> **Description of the task**: Scan the records beneath this line for the line holding "Fruits and tablets, vitamins" and the line holding "Small square window", then transcribe exactly those two and all lines between.

> **Given records**:

○ ○ ○ ○

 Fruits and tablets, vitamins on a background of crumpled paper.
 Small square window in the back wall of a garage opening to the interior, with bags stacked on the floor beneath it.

○ ○ ○ ○

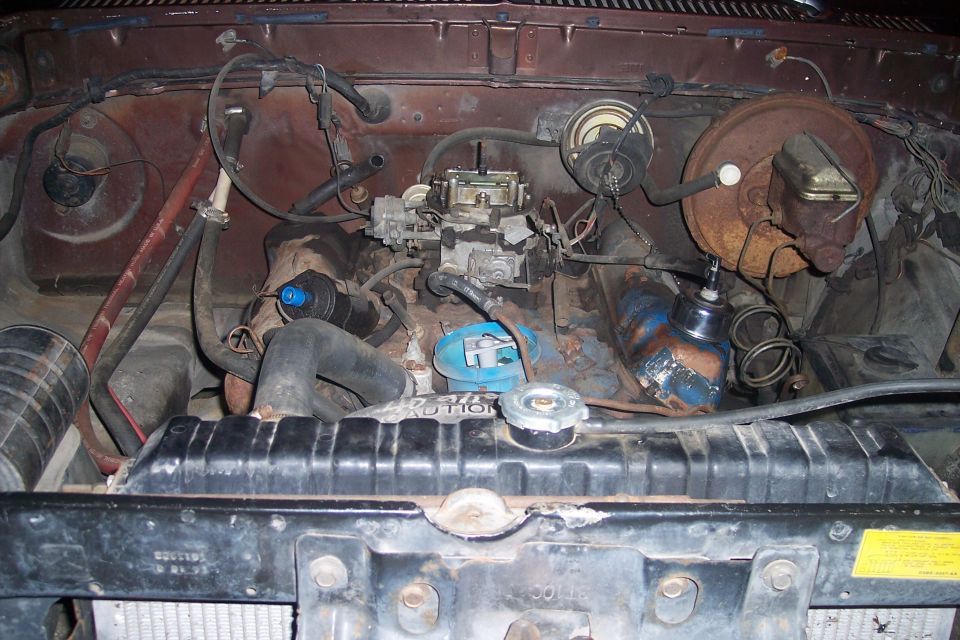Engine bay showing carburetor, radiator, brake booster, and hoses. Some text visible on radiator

○ ○ ○ ○

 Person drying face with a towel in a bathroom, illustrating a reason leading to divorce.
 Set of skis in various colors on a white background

○ ○ ○ ○

> **Answer section**:
 Fruits and tablets, vitamins on a background of crumpled paper.
 Small square window in the back wall of a garage opening to the interior, with bags stacked on the floor beneath it.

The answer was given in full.